A verbatim copy is needed of the lines below from the one containing "Luke Clellan Dellorso" up to and including the one containing "IMG_7050 copie (Copier)", excluding pictures.

> _RECORDS SHOWN_:
+ + +

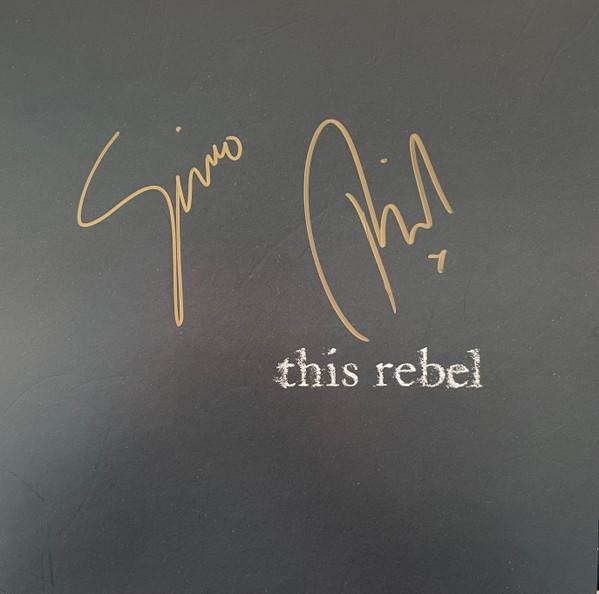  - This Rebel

+ + +

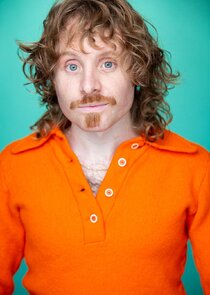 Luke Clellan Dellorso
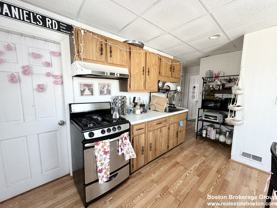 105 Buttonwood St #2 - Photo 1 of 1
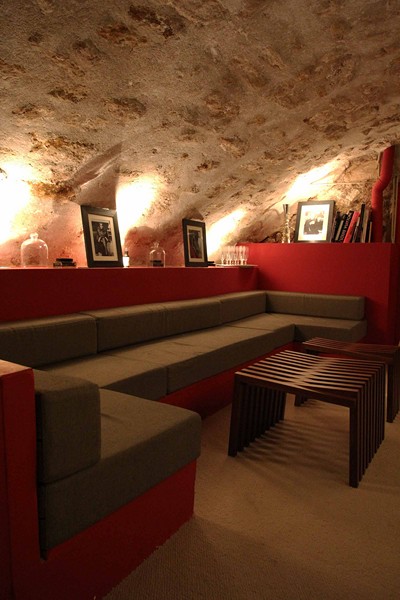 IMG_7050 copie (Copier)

+ + +

> _ANSWER SECTION_:
 Luke Clellan Dellorso
 105 Buttonwood St #2 - Photo 1 of 1
 IMG_7050 copie (Copier)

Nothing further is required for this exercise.